Supplied information ▸
----------------------------------------

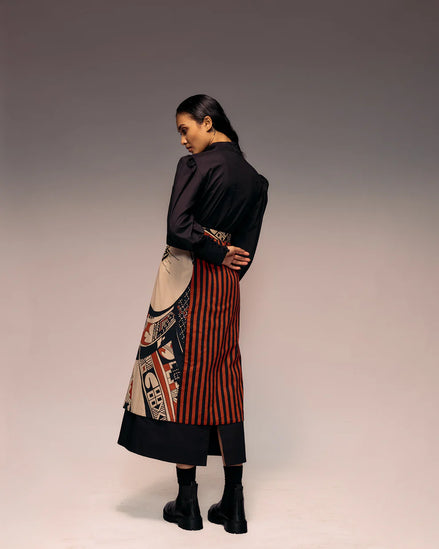 Rust Print Flap Reversible Skirt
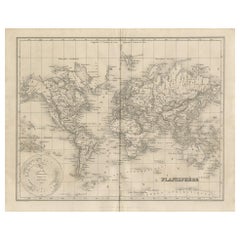 Antique Map of the World by Balbi '1847'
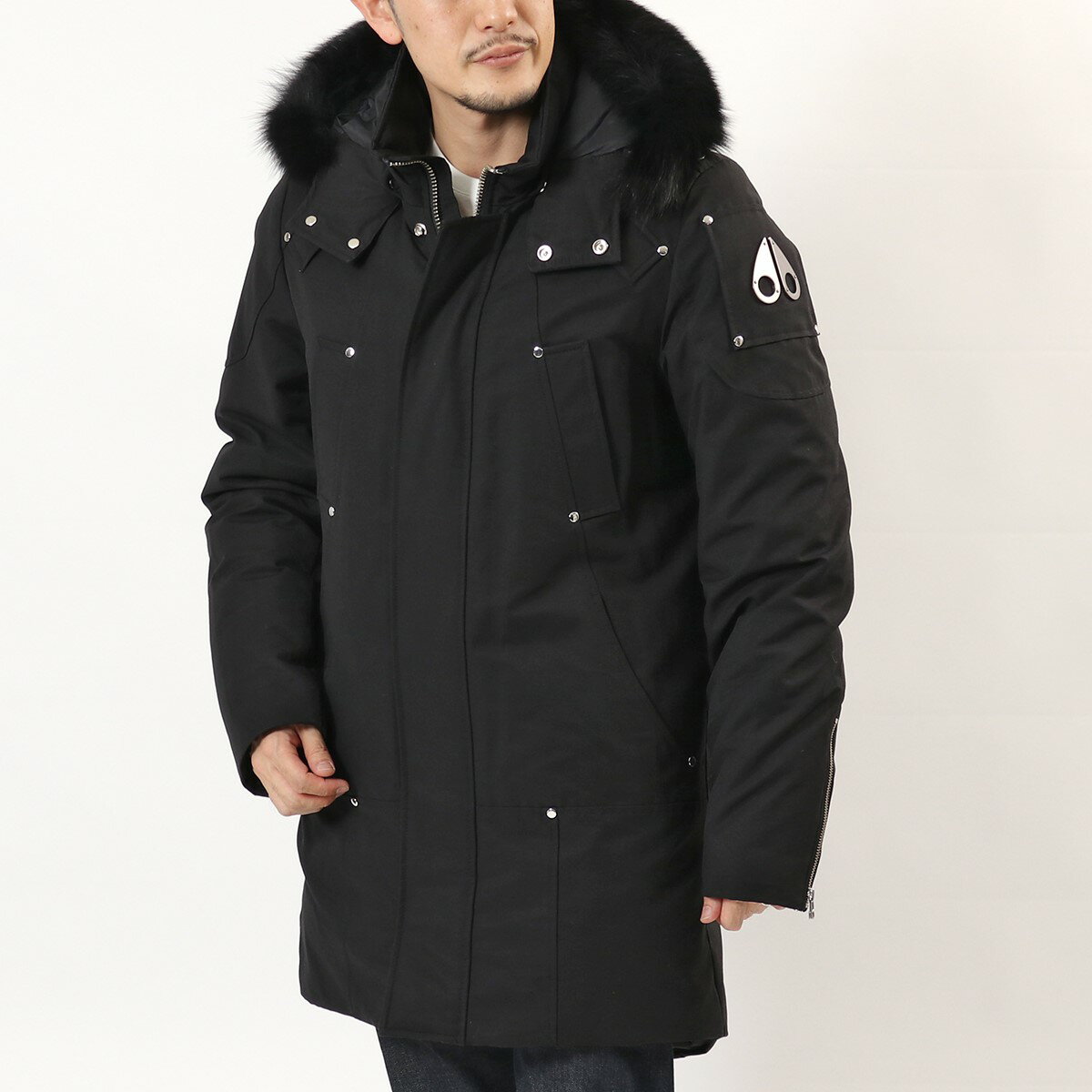 MOOSE KNUCKLES ムースナックルズ MK4661MP STIRLING PARKA フォックスファー フード付き ダウンコート 291/BLACK メンズ【po_jyuuu】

----------------------------------------

What the task requires ▸ What is needed is the listing above, repeated verbatim, without its images.

Output for this task ▸
 Rust Print Flap Reversible Skirt
 Antique Map of the World by Balbi '1847'
 MOOSE KNUCKLES ムースナックルズ MK4661MP STIRLING PARKA フォックスファー フード付き ダウンコート 291/BLACK メンズ【po_jyuuu】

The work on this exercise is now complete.